Stephen earned good grades in a tough academic program and began to acquire writing interests beyond the world of sports. During the summer of 1987, Stephen interned with The Wall Street Journal in Detroit. He received two job offers out of college, one from a metropolitan daily in the Midwest and one from The Washington Post. I urged him to start his career at the smaller paper. Stephen chose the Post, where he went to work for Milton Coleman. Hired as part of a two-year try-out program, Stephen was offered a permanent position at the Post after only 11 months.
After covering cops, courts and schools as part of suburban beats, Stephen earned a position as a foreign correspondent, spending three years reporting from Nairobi, Kenya, and then two more from Brazil. Now married and raising a family, he decided to accept an offer to return to his hometown paper in St. Petersburg, where he quickly developed a reputation as a strong reporter and writer, and a promising editor.
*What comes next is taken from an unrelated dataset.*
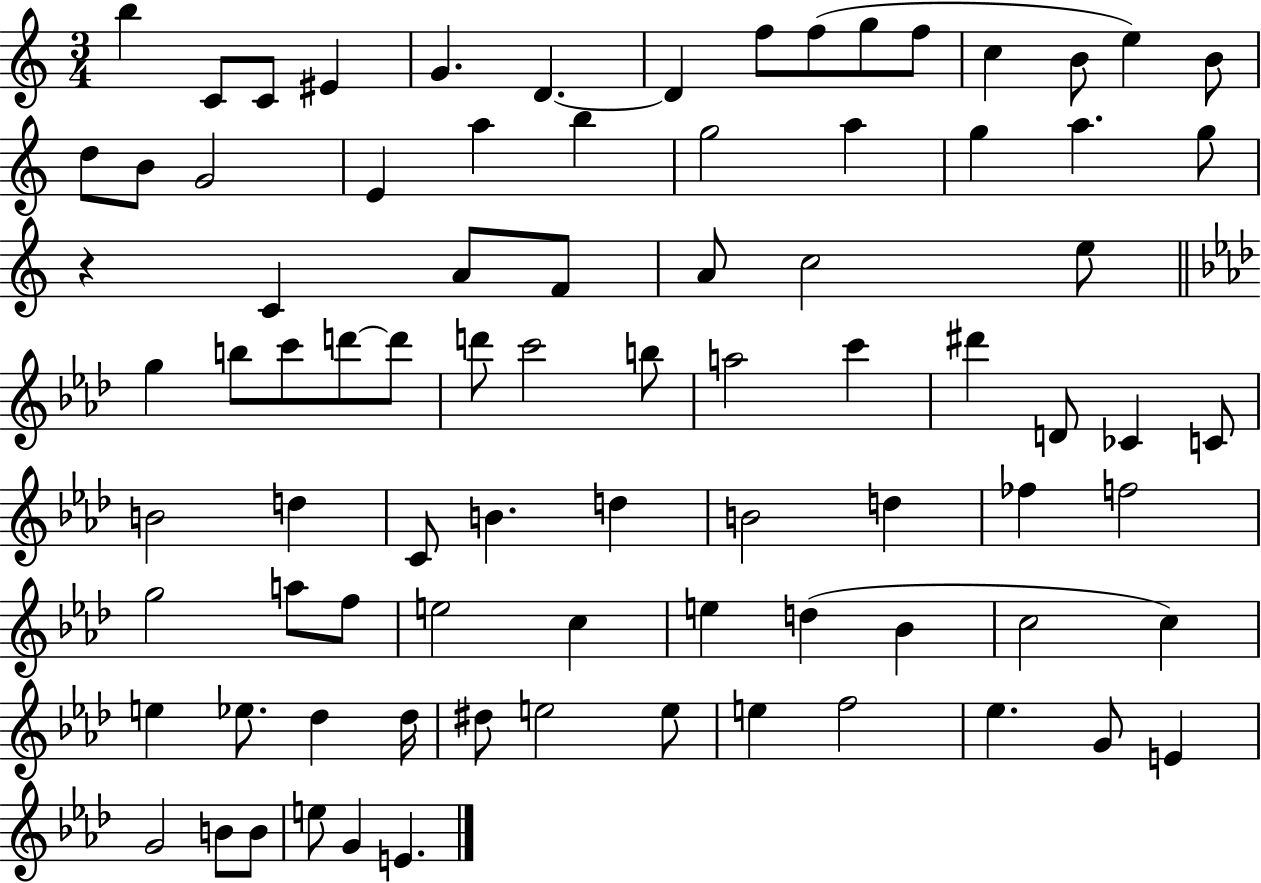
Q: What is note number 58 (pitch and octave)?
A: F5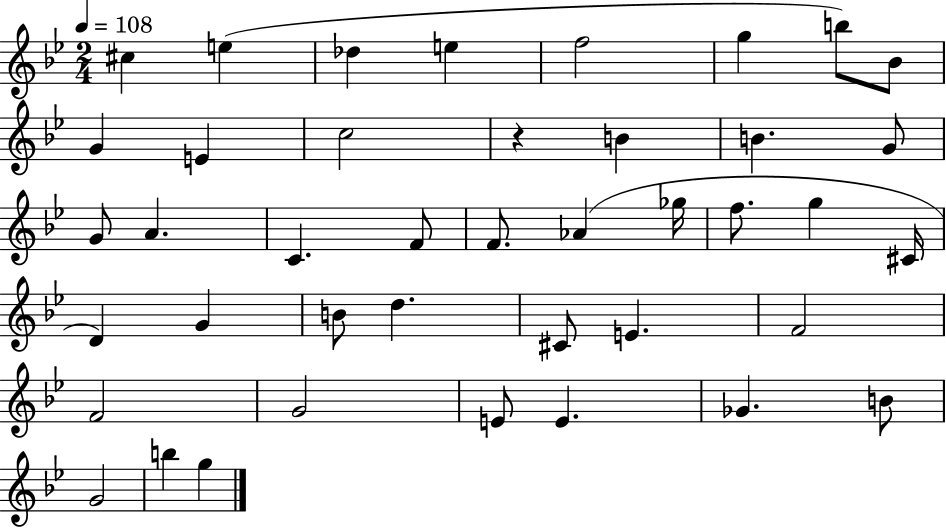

My friends at the Times would report to me on Stephen’s progress. This once short skinny kid was now a tall commanding presence with a deep, calm voice. Tom French told me, “He has leader written all over him.” And Dave Scheiber recounted how Stephen would greet him in the hallway with some sincere praise for one of his stories.
Let me take you back in time again to when Stephen was 19. Here is the lead of a story he wrote for the St. Pete Times:
In the middle of his living room, Hector Camacho is pacing. Shuffling his feet. Flailing his arms. Slashing his hands through the air. Snapping his fingers.
And talking.
“Only me understands me,” he says. “But I’m good –- a good man, a good father and a great boxer. I’m the macho man. The macho of the machos. A man’s man. That’s why people want to see me take a downfall. I know what I’m telling you.”
Camacho wears a sleeveless black shirt, black pants, and black velvet driving glove with spikes over the knuckles. A diamond earring gleams in his left ear. His two gold necklaces jump as he moves. The pendant on one of the necklaces says, “Macho.”
Red Smith would have been proud of that prose, especially as it came from someone who was just learning his craft. Through a combination of natural talent, family support, hard work, dedication, and good training, Stephen was on the verge of a great newspaper career at an age when some students are still trying to pick their majors.
His promotion to managing editor means a lot to a lot of us.
For his colleagues at the Times, it is time to celebrate the elevation of one of their own. His selection has brought applause for those leaders at the paper who recognized Stephen’s gifts and has inspired hope and aspiration among the rank and file.
For those of us at Poynter, Stephen is the product of a idea first articulated by Nelson Poynter himself on how to attract new generations of talent to journalism: “Find them young. Give them what they need. And don’t let go.”
And for me? Why am I standing in the hallway of my house, the telephone in my hand, tears running down my face? Because the Yankees lost to the Red Sox? Stephen, with his Bronx roots, would understand that. No, my emotion is an uncomplicated feeling — experienced by many teachers, but too rarely expressed. Stephen, I am proud of you.